= REQUIRED WORK =
Extract, exactly as written, all lines of the material below from the line that includes "thumbnail of shapiro.png" through its last line.

= DATA =

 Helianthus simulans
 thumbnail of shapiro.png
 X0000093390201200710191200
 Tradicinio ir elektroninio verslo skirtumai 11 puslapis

= WRITTEN ANSWER =
 thumbnail of shapiro.png
 X0000093390201200710191200
 Tradicinio ir elektroninio verslo skirtumai 11 puslapis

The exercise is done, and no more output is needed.